The holder housing 800 has a board holding part 820 that is opposed to the board holding part 640 of the lamp holder 600 when the lamp holder 600 is attached.

FIG. 5B is an enlarged view of the board holding part 820. The board holding part 820 has a concave 821, two pins 822 projecting from the concave 821, and a screw hole 823. The board holding part 820 also has a notch 824 near the screw hole 823 on a wall surrounding the concave 821.

The circuit board 900 has a notch 901 and a hole 902, which engage with the two pins 822 on the board holding part 820. The circuit board 900 also has on an upper surface a connector 903 that connects with the connector 706 on the circuit board 700 disposed in the lamp holder 600, and a connector 904 that connects the connector 903 electrically to the main board. The circuit board 900 can be attached to the board holding part 820 by screwing the screw 905 into the screw hole 823.

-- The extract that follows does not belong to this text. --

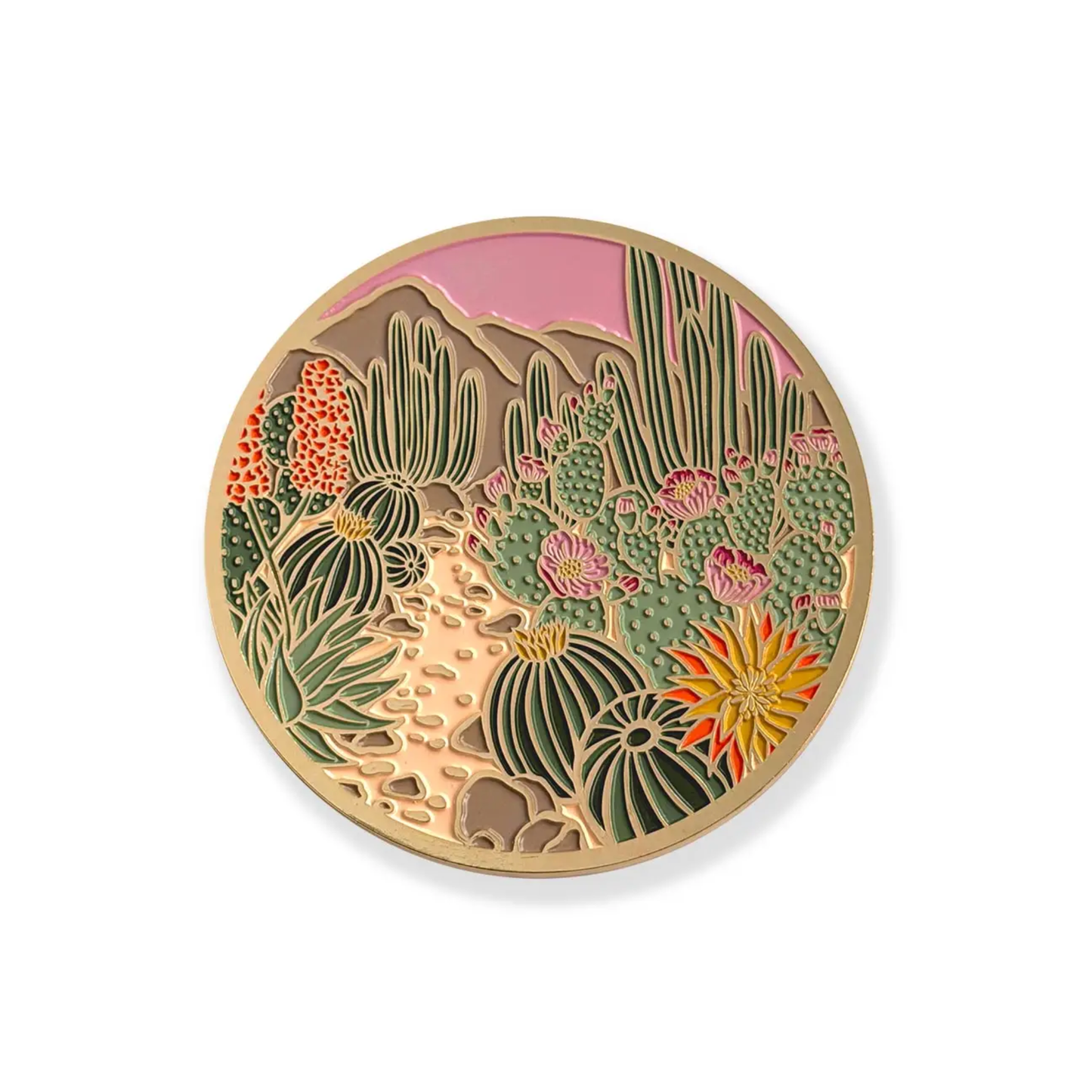 a gold plated coaster with a blooming desert design featuring cacti, mountains and a pink sky against a white background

Returning to FIG. 4, for mounting the lamp unit, first the lamp 500 is attached to the box 610 of the lamp holder 600. Then, the circuit board 700 is attached to the board holding part 640 of the lamp holder 600. Referring to FIG. 5A, the circuit board 700 can be attached by placing the circuit board 700 on the placement part 644 while fitting the notches 703 and 704 into the L-shaped locking part 642, and then screwing the screw 710 into the screw hole 643. At the time, the screw 710 is screwed into the screw hole 643 in such a manner that a slight clearance is left between the screw head and the upper surface of the circuit board 700. Accordingly, the circuit board 700 can be attached to the board holding part 640 so as to be displaceable only by a predetermined stroke in the X- and Z-axis directions.

Returning to FIG. 4, the circuit board 900 is attached to the board holding part 820 in the main unit chassis. Referring to FIG. 5B, for attachment of the circuit board 900, the circuit board 900 is placed on the notch 824 and on seats 822a at a base of the two pins 822 while the notch 901 and the hole 902 are fitted to the two pins 822, respectively. An upper surface of the seat 822a and an upper surface of the notch 824 are at the same height. Subsequently, the screw 905 is screwed into the screw hole 823.

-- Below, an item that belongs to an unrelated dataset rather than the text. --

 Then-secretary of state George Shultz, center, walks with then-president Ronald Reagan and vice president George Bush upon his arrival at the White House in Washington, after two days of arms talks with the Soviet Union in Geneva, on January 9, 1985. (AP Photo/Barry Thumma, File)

Here, the notch 901 and the hole 902 are engaged with the pins 822 with almost no play. Accordingly, when being placed on the notch 824 and the seats 822a at the base of the pins 822 as stated above, the circuit board 900 is positioned in the X- and Z-axis directions with respect to the board holding part 820. In addition, the screw 905 is screwed into the screw hole 823 until the screw 905 is pressurized and brought into contact with the upper surface of the circuit board 900. This allows the circuit board 900 to be incapable of being displaced also in the Y-axis direction and thus be positioned in the Y-axis direction.

FIG. 7 is a diagram of the lamp unit in which the two circuit boards 700 and 900 are attached to the board holding parts 640 and 820, respectively. Subsequently, the lamp holder 600 is mounted to the holder housing 800 by pushing the box 610 into the box attachment part 811 while bringing the rear surface of the box 610 into contact with the guides 814.

A distance from a front inner side of the box attachment part 811 to the guides 814 is made slightly larger than a length of the box 610 in the X-axis direction. Accordingly, the lamp holder 600 can be housed in the holder housing 800 in a predetermined position by pushing the box 610 into the box attachment part 811 while bringing the rear surface of the box 610 into contact with the guides 814.

When the lamp holder 600 is pushed into the box attachment part 811 as stated above, ends of the two pins 812 on the holder housing 800 side are inserted into the two holes 621 of the lamp holder 600 side, and ends of the two pins 622 on the lamp holder 600 side are inserted into the two holes 813 of the holder housing 800, before the lamp holder 600 reaches the predetermined position in the holder housing 800. At the same time, ends of the two pins 822 extending from the board holding part 820 are inserted into the two holes 701 of the circuit board 700.

Here, the pins 812 and 622 each have a tapered end, and therefore, when the lamp holder 600 is further pushed into the box attachment part 811, the lamp holder 600 is guided by the inclined ends of the pins 812 and 622 and then is placed into the predetermined position. Accordingly, the light axis of the lamp 500 attached to the lamp holder 600 is properly set with respect to a subsequent optical system.

In addition, the pins 822 have inclines 822b at tapered ends (refer to FIG. 5B). Therefore, when the lamp holder 600 is further pushed into the box attachment part 811 with the pins 822 inserted into the holes 701, the circuit board 700 is guided and displaced in the X- and Z-axis directions by the inclines 822b at the pin 822 ends. Accordingly, the connector 706 on the circuit board 700 is properly opposed to the connector 903 on the circuit board 900, and then the lamp holder 600 is further pushed to connect the connectors 706 and 903.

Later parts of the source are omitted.